Tropes used in The Eagle include:
- Adaptational Attractiveness: Marcus, played by Channing Tatum.
- An Aesop: Honor Before Reason is both good and bad, as it's the reason why Esca and Marcus survive through the film, but the things done in the name of avenging honor are shown to be violent and possibly ultimately pointless.
- Chekhov's Boomerang: The chin-strap scar. First crops up in a blink-and-you'll-miss-it shot, then is repeatedly used as an identifying mark for Roman legionaries.
- Darker and Edgier: Than the original novel. The film ups the amount of actual fighting considerably from the original novel, nor was there any infanticide originally.
- Does This Remind You of Anything?: Tribal warriors with war-paint and suspiciously Mohawk-ish haircuts chasing after someone from another tribe and someone from The Empire across miles and miles of unspoilt wilderness: Last of the Mohicans much?
- Executive Meddling: The film originally ended more ambiguously, with Esca and Marcus riding into the mists. But this played so badly with test audiences that they hurridely shot a newer, definitive ending with Esca and Marcus delivering the Eagle and riding off into the sunset. The rushed nature of the newer ending shows, badly.
- There is also an alternative ending where Marcus ends up burning the Eagle on Guern's funeral pyre because he believes it rightfully belongs to the brave men who died fighting for it. The final scene shows him and Esca walking back to Hadrian's Wall, discussing possible plans for the future like starting a farm in Spain to breed horses.
- The Film of the Book
- Gory Discretion Shot
- Hollywood Tactics: A scythed chariot would not stand a chance in hell against well-formed heavy infantry, let alone legionaries. Marcus letting his troops turn around and run is the worst thing he could have done. Doubly so, seeing as the Romans had developed an extremely effective method of repelling cavalry.

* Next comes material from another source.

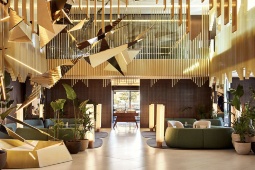 Grand Hyatt Barcelona tiene 465 habitaciones y un ático de lujo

- Truth in Television: Chariots were intended to scare foot soldiers into running. Romans were also unfamiliar with them as they had fallen out of use pretty much everywhere else in the known world.
- Also, the use of the tortoise formation (meant for withstanding ranged attacks) to charge a line of infantry.
- Honor Before Reason: Pretty much everyone.
- Marcus undertakes the very dangerous hunt for the eponymous Eagle in hostile territory assisted only by a slave who has a fairly strong incentive to murder him and take off, all in the name of his family's honor.
- Esca, the slave in question, has no particular incentive not to simply kill Marcus and leave; the only reason he doesn't, despite ample opportunities to do so, is because he gave his word.
- Not So Different: The Roman and the Britons; both are quite capable of barbarism and nobility towards themselves and others, both have a thriving slave trade, both factions have some kind of evil aristocrat (Seal King and Placidius), and both 'worship' the Eagle as a symbol of their people and their military prowess. Marcus and the Seal Prince, his Shadow Archetype, have a more personal one: they both treat their peers politely, but have a disdain for slaves, they both set out to avenge the loss of the Eagle (just a hunk of metal) as well as the deaths of their fathers, and when both Kick the Dog, they display some humanity in spite of it (Marcus performing it like a mercy kill, the Prince laying his victim down with dignity.) This is symbolized by the fact that, the Prince, who spends most of the movie with war-paint, has it washed off in the end, at which point he kind of resembles Marcus. Also, the music playing when the Druid beheads one of the patrol is the same as when Esca is forced to fight in the arena. The song is called 'Barbarians'.
- The Queen's Latin: Not insignificantly averted.
- Redemption Equals Death
- Scarily Competent Tracker
- Shoot the Dog: Or "kill the boy." Notable in that the primary protagonist and the primary antagonist both do this.
- Translation Convention: Romans speak in American accents, Britons speak in Scottish accents or in Gaelic.